57. It is said that every girl always has some clothes in her closet. It is a pity to throw them away and wear them. I used to be a poor dog when I bought it, but now I feel ugly.
58. I don't expect anything I just hope that every woman in your future is not as good as one.
59. Do you know why the holiday is so short? Because there is no morning in the holiday. Do you know why it takes so long to go to work? Because it has morning as well as morning!
60. People who are really rich keep a low profile. Many people with luxury cars are embarrassed to drive to work, just like I ride a bike every day. It's terrible. Who would have thought I had an electric car?
6 1, who says I can't play musical instruments? I quit. I played well.
62. Since people get tanned, their faces look good, their teeth turn white, and they don't blush after drinking.
63. Don't ask me what is the standard of being handsome, ok? Look at me and you will know!
64. Once upon a time, there was a hide-and-seek company whose boss had not found it.
65. How can we have the ability to take care of everyone's feelings? I can't take care of my mood.
66. Wearing this low-cut dress and that leopard print all day looks like a comfort woman who was eliminated before World War II.
67. Life is like this: things you like can persist naturally, and things you don't like won't last long.
68. My mother likes playing mahjong, but then I was born. My mother resolutely gave up mahjong for me and my family, because she suddenly felt that hitting me was more interesting.
69, life, my mother gave birth to me, I have to live.
70. Have a good exercise when you have time.
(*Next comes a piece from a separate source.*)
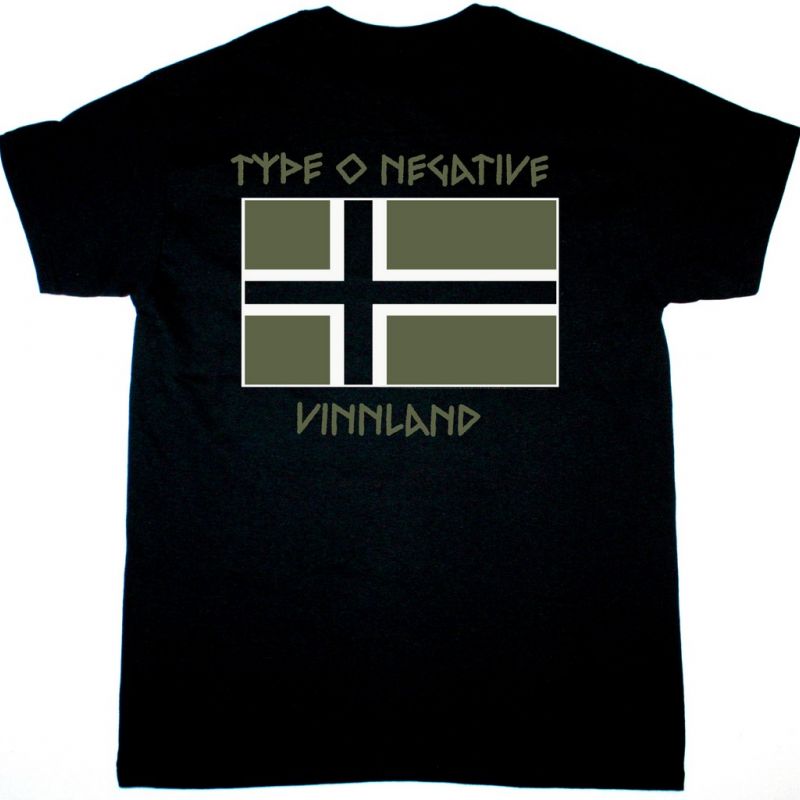 TYPE O NEGATIVE ALL YOU NEED IS BLOOD NEW BLACK T-SHIRT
You can't be single and fat
7 1, rabbits don't eat grass near their nests, and the quality is not good. Why not look around?
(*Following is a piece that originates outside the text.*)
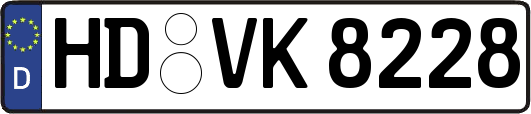 HD-VK8228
72. The only thing worse than what others say in this world is that no one says you.
73. Don't fall in love with me, because I am the Altman in outer space.
74. If you think the person you like likes you, it only shows that you have a rich imagination.
75. A woman redder than a red diamond fell in love with a man redder than a yellow diamond. Finally, a mistress who is greener than a green diamond came and gave birth to a son called a member.
Even if a beautiful person makes a mistake, others can easily forgive him. Ugly people can't be forgiven by others because of their looks.
77. There is no room for two tigers in the mountain unless there is a male and a female.
78. When a girl says she wants to lose weight, don't believe it, especially when eating. Because when she said this, she might have just eaten.
79. Sometimes I feel ordinary, just an ordinary person. Don't be sad, there is still a chance to be special and be a special ordinary person.
80. Who said, "Never forget, there will be repercussions"? The person you like has never told me that he wants to get rich overnight, and it has never come true.